The Target Market Assessment is without prejudice to any contractual, legal or
regulatory selling restrictions in relation to the Retail Offer.

For the avoidance of doubt, the Target Market Assessment does not constitute:
(a) an assessment of suitability or appropriateness for the purposes of
Chapters 9A or 10A respectively of COBS; or (b) a recommendation to any
investor or group of investors to invest in, or purchase, or take any other
action whatsoever with respect to the Retail Offer Shares. Each distributor is
responsible for undertaking its own target market assessment in respect of the
Retail Offer Shares and determining appropriate distribution channels.
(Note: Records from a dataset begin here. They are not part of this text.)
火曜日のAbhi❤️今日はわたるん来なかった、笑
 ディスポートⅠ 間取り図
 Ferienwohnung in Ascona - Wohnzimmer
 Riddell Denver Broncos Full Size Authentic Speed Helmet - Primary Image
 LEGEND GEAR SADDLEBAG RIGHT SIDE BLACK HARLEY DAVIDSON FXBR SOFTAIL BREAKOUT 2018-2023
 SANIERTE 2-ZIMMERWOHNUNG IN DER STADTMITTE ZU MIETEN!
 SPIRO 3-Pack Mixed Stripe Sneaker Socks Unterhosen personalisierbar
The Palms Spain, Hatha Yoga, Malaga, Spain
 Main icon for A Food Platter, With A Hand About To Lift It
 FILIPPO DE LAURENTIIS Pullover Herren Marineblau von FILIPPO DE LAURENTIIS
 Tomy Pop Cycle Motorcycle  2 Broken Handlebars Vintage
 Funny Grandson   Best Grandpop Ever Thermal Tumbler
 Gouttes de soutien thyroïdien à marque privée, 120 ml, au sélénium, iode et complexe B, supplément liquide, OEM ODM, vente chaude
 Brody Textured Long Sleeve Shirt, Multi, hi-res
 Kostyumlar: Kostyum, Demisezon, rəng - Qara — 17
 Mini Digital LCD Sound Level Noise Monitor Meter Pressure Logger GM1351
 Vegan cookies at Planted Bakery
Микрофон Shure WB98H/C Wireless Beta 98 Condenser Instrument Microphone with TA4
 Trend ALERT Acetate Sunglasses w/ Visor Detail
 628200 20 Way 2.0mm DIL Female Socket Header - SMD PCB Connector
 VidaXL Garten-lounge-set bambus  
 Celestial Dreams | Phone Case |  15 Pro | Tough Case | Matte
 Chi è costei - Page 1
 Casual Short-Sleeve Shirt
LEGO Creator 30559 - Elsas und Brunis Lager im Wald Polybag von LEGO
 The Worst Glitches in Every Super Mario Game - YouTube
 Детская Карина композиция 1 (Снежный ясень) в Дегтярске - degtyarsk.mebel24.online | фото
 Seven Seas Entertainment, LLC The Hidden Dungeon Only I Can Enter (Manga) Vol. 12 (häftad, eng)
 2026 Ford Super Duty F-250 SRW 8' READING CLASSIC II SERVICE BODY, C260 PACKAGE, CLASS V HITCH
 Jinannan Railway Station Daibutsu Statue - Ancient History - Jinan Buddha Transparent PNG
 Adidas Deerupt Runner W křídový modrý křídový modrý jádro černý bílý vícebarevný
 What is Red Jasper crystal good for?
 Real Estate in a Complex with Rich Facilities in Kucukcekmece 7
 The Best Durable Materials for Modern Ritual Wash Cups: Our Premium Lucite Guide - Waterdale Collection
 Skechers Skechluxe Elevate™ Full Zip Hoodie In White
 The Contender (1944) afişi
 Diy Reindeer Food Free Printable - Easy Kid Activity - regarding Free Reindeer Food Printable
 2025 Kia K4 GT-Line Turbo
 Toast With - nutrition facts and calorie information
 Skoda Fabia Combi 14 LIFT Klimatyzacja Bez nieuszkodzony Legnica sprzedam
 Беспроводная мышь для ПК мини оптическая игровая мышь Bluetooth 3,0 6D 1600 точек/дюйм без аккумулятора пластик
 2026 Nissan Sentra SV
EU Product Governance Requirements

Solely for the purposes of the product governance requirements contained
within: (a) EU Directive 2014/65/EU on markets in financial instruments, as
amended ("MiFID II"); (b) Articles 9 and 10 of Commission Delegated Directive
(EU) 2017/593 supplementing MiFID II; and (c) local implementing measures
(together, the "MiFID II Product Governance Requirements"), and disclaiming
all and any liability, whether arising in tort, contract or otherwise, which
any "manufacturer" (for the purposes of the MiFID II Product Governance
Requirements) may otherwise have with respect thereto, the Retail Offer Shares
have been subject to a product approval process, which has determined that the
Retail Offer Shares are: (i) compatible with an end target market of retail
investors and investors who meet the criteria of professional clients and
eligible counterparties, each as defined in MiFID II; and (ii) eligible for
distribution through all distribution channels as are permitted by MiFID II
(the "EU Target Market Assessment"). Notwithstanding the EU Target Market
Assessment, distributors should note that: the price of the Retail Offer
Shares may decline and investors could lose all or part of their investment;
the Retail Offer Shares offer no guaranteed income and no capital protection;
and an investment in the Retail Offer Shares is compatible only with investors
who do not need a guaranteed income or capital protection, who (either alone
or in conjunction with an appropriate financial or other adviser) are capable
of evaluating the merits and risks of such an investment and who have
sufficient resources to be able to bear any losses that may result therefrom.
The EU Target Market Assessment is without prejudice to the requirements of
any contractual, legal or regulatory selling restrictions in relation to the
Retail Offer.

For the avoidance of doubt, the EU Target Market Assessment does not
constitute: (a) an assessment of suitability or appropriateness for the
purposes of MiFID II; or (b) a recommendation to any investor or group of
investors to invest in, or purchase or take any other action whatsoever with
respect to the Retail Offer Shares. Each distributor is responsible for
undertaking its own target market assessment in respect of the Retail Offer
Shares and determining appropriate distribution channels.